Thursday, January 12, 2006

recognition as segmentation across time

Let me start out my brief discussion with a segmentation result:


This is the image the New Year's Party picture that I posted a few posts ago. This is the result of Felzenszwalb's graph based segmentation executable. I ran the executable many times by uniformly sampling the input parameter space and selected one image which looked particularly nice.

Segmentation is generally referred as a mid-level process, ie a process which groups together similar regions. However, it is still not a high-level process because it doesn't use any information from other images. When the concept of segmentation was introduced into the vision community, researchers thought that it would a good pre-processing step that would further aid object recognition. However, the community quickly realized that an object-consistent segmentation is only possible after the objects have been identified in the image!

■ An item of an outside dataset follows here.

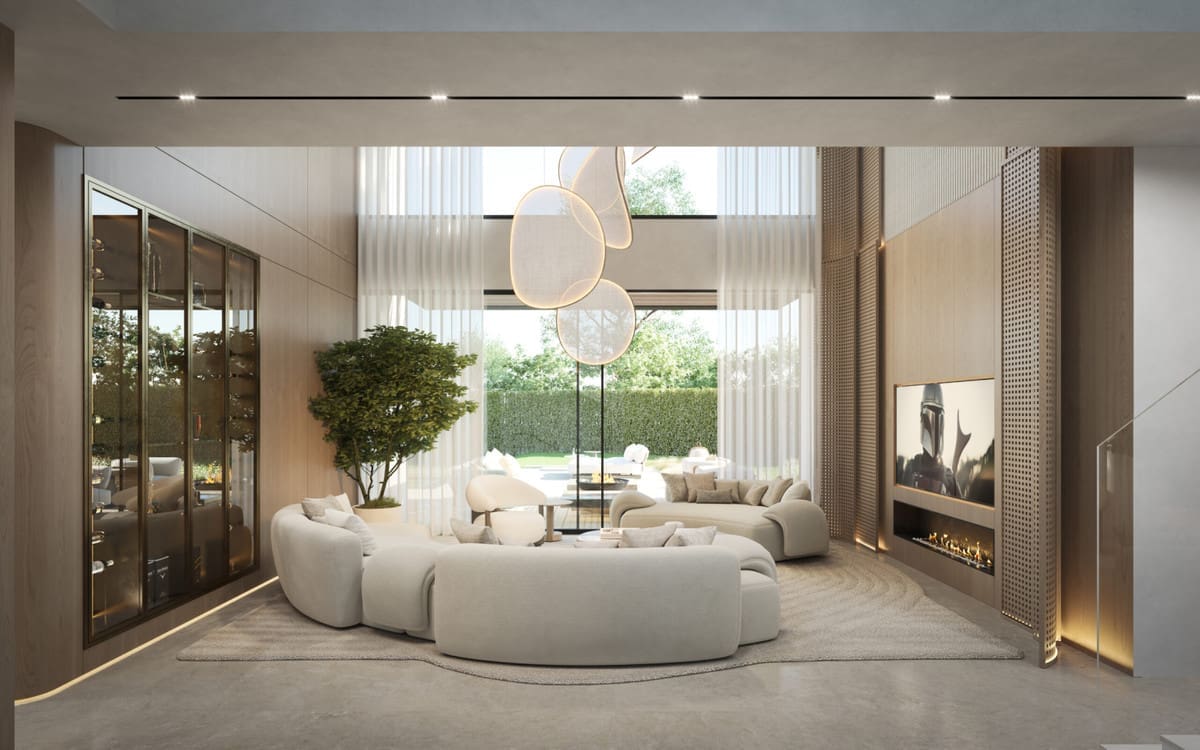 New Construction in Marbella – R5395696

Image segmentation is still very popular as of 2006; however, the traditional definition of segmentation as something you do before recognition is slowly becoming outdated. Modern research on segmentation has a significant object-recognition feel to it, and one interesting question that remains is: how does one incorporate information from a large set of images to segment 1 image?

Every problem in computer vision can be solved with an object recognition module, unfortunately recognition is the most difficult. Computer vision is not simply image processing. Computer vision strives to build machines that can make synthetic a posteriori statements about the world. If Emmanuel Kant was alive this day, he would be a vision hacker.